The usage now looks like this. First the generic version…
class ArchivesFileTest extends ArchiveTestBase {
@Test
void read_from_json_simple()
throws ReflectiveOperationException {
create(
mk(Full.class,
mk(Incremental.class,
mk(Incremental.class))),
mk(Full.class)
);
}
}
…and now the one with specific methods.
class ArchivesFileTest extends ArchiveTestBase {
@Test
void read_from_json_simple() {
create(Full(Inc(Inc())), Full());
}
}
I simply nest a few method-calls et voilà, I have my test data. It’s much easier to follow in my eyes than creating every object using its constructor or factory method. This little one liner replaces the ugly eight lines I showed you earlier. Now tell me, which version allows you to best reason about it?
Side-note: If Java were to support creating an instance off of the generic type, like in C++, then it should be possible to skip the type Class<T> parameter and call the method without the “.class” postfix. Something like this:
create(mk<Full>(mk<Incremental>(mk<Incremental>())),mk<Full>());
Unfortunately this is not possible, but the Full() and Inc() methods are nicely concise as well.

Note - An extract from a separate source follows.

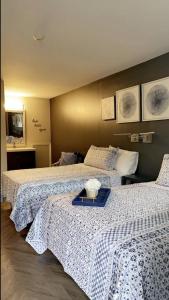 Spotsylvania CourthouseにあるHotel Lake Annaの寝室に並んで置かれた2つのベッド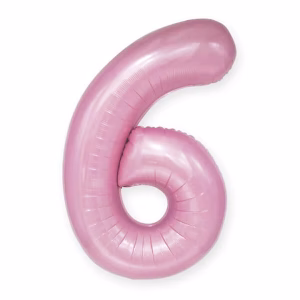Фолиев балон Цифра 6, 100 см, розов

As you can see from the ArchiveTestBase abstract class, my approach to accessing the data is by index in the order the objects were specified.
Archive inc1 = get(1);
Archive full2 = get(3);
The complete code can be found on GitHub, including Javadoc that I have left out to keep the samples shorter. Beware that this is only the commit containing the relevant files for the “DSL”. The project does not yet compile as I have unfinished code on my computer still.